Compact soil is the archenemy of a great-looking lawn. It can ruin the color and overall aesthetics of your turf – but don’t throw in the towel just yet. Aeration can save the day.
Here we’ll tell you why, when, and how you should aerate your lawn.
In many people’s eyes, aeration is king when it comes to lawn maintenance. The main reason is that it allows settled soil to breathe. Tiny holes created during the process supply the grass with oxygen, promoting healthy growth. They also enable fertilizer to reach deeper layers of the ground to further facilitate flourishing. This translates to stronger roots and a lower risk of soil compaction.
Now that it’s clear that aeration doesn’t have an alternative, when should you perform this process? Well, it depends on the type of grass.

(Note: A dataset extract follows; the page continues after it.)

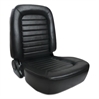 Classic Low Back Recliner Left Red Vinyl - image 1
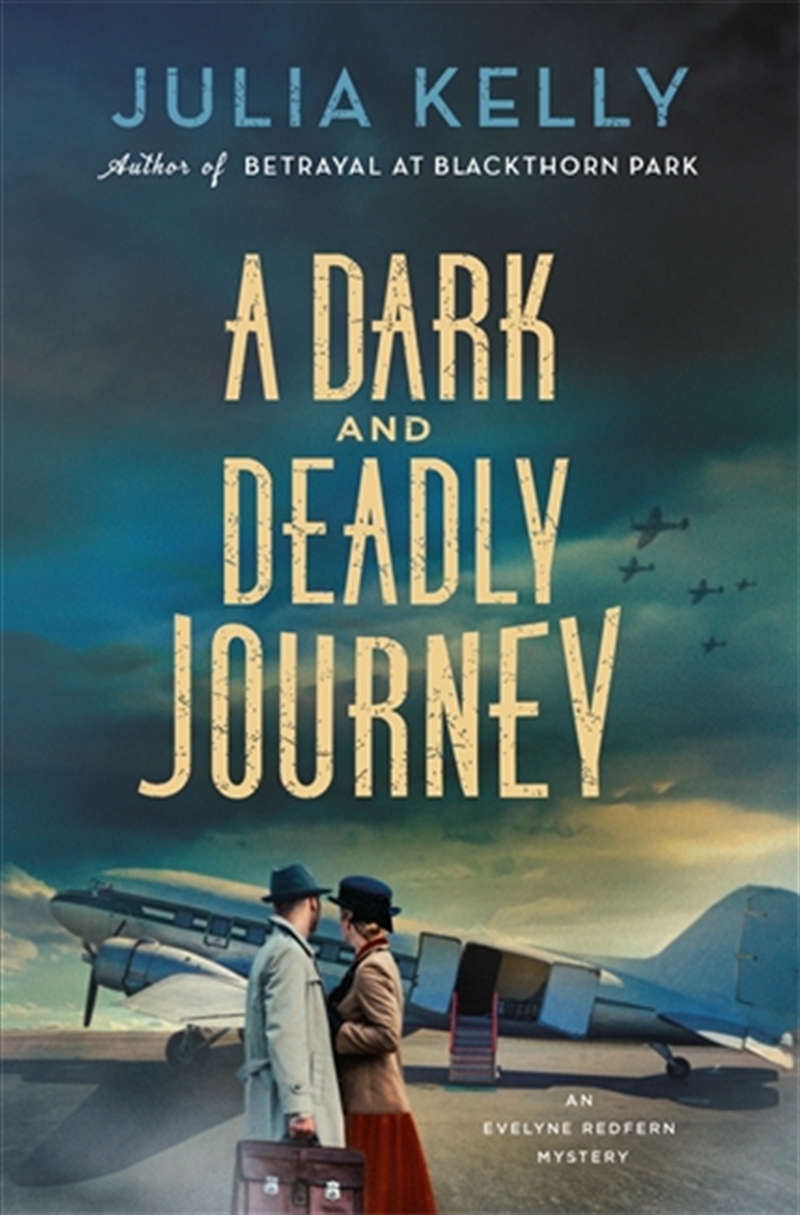 A Dark And Deadly Journey/Product Detail/Crime & Mystery Fiction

On the one hand, you should aerate warm-season plants in early summer or late spring. On the other hand, cool-season grasses require aeration in late February, early March, or fall.
All that remains is to see how to aerate your turf:
- • Get a lawn core aerator, which can be found at most home improvement stores. If you want to improvise, a pitchfork might do the trick, but an aerator is the superior tool.
- • Water the turf moderately about 24 hours before the aeration. Don’t go overboard because too much water can create mud.
- • Start poking holes in the ground with your aerator or pitchfork. They should be between two and three inches deep and approximately three inches apart. If you’re using an aerator, don’t remove the plugs from the grass because they’ll supply the plants with much-needed nutrients.
- • Water your grass every couple of days after the aeration. You can also consider overseeding the turf at this point – just be sure to do so in the first few days after the process.
- • Your lawn will need to be aerated when it gets compacted or when it gets damaged by kids or pets.
- • You should aerate your lawn when the soil is moist after it has rained as it’s difficult to aerate dry soil.
- • There are a few different aerators that you can use for your lawn such as spikes, slicers and core aerators.
“Deprived of their basic needs by compacted soil, lawn grasses struggle in stressful situations, such as heat and low rainfall, and lose their healthy, rich color.”